▶ **GIVEN RECORDS**:
★ ★ ★

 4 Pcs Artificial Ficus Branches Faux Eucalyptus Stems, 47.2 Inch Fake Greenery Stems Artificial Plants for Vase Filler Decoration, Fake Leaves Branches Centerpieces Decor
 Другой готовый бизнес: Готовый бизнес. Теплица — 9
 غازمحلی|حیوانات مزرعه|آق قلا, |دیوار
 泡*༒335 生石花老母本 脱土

★ ★ ★

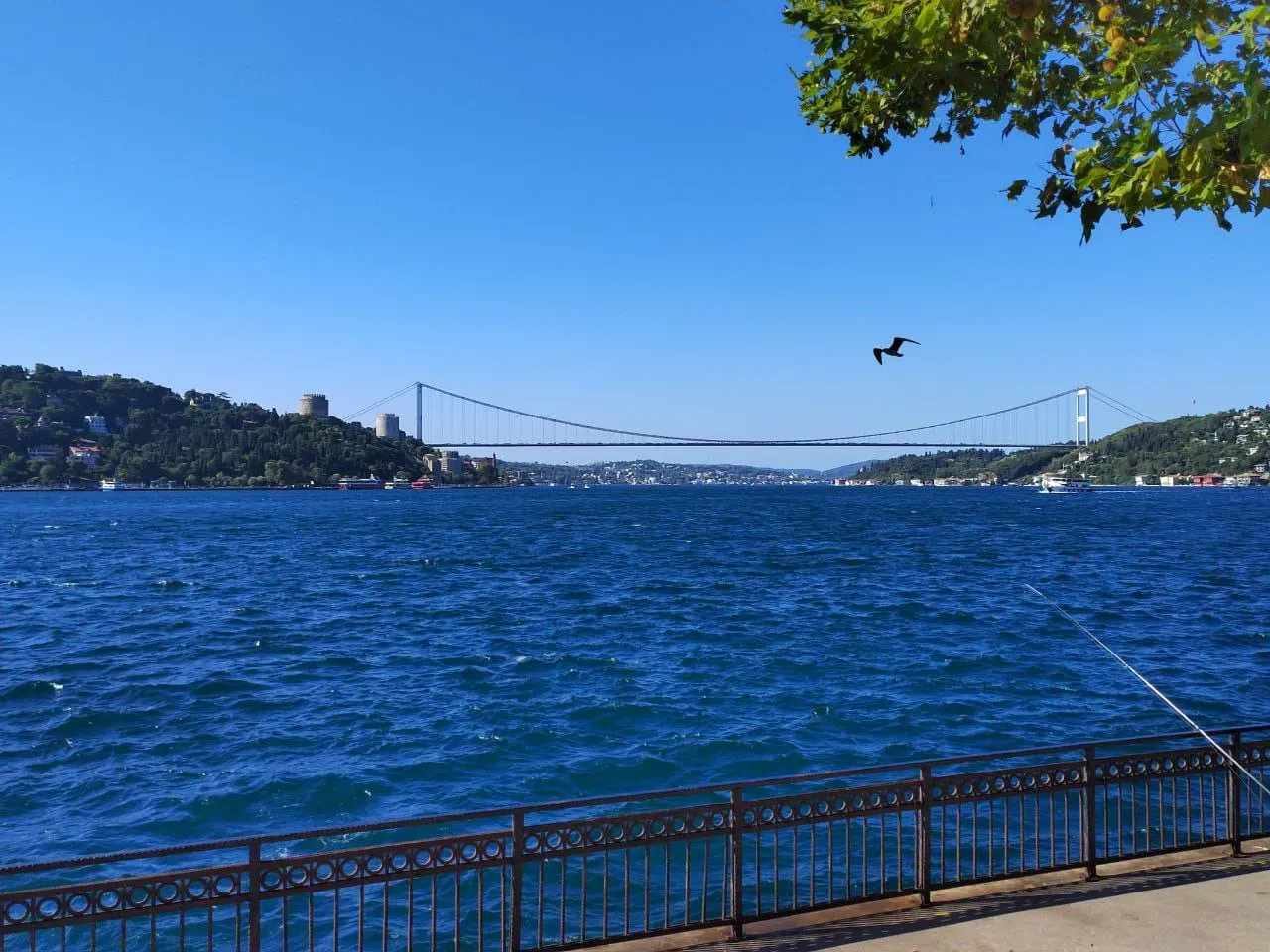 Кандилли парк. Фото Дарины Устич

★ ★ ★

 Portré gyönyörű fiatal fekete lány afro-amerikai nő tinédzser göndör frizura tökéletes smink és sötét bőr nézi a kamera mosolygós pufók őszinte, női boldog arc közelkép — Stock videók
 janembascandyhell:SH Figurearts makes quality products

★ ★ ★

▶ **PROBLEM DESCRIPTION**: Using the listing above, return word for word each line from the one that has "4 Pcs Artificial" through the one that has "泡*༒335 生石花老母本 脱土", and no line outside that range.

▶ **TASK OUTPUT**:
 4 Pcs Artificial Ficus Branches Faux Eucalyptus Stems, 47.2 Inch Fake Greenery Stems Artificial Plants for Vase Filler Decoration, Fake Leaves Branches Centerpieces Decor
 Другой готовый бизнес: Готовый бизнес. Теплица — 9
 غازمحلی|حیوانات مزرعه|آق قلا, |دیوار
 泡*༒335 生石花老母本 脱土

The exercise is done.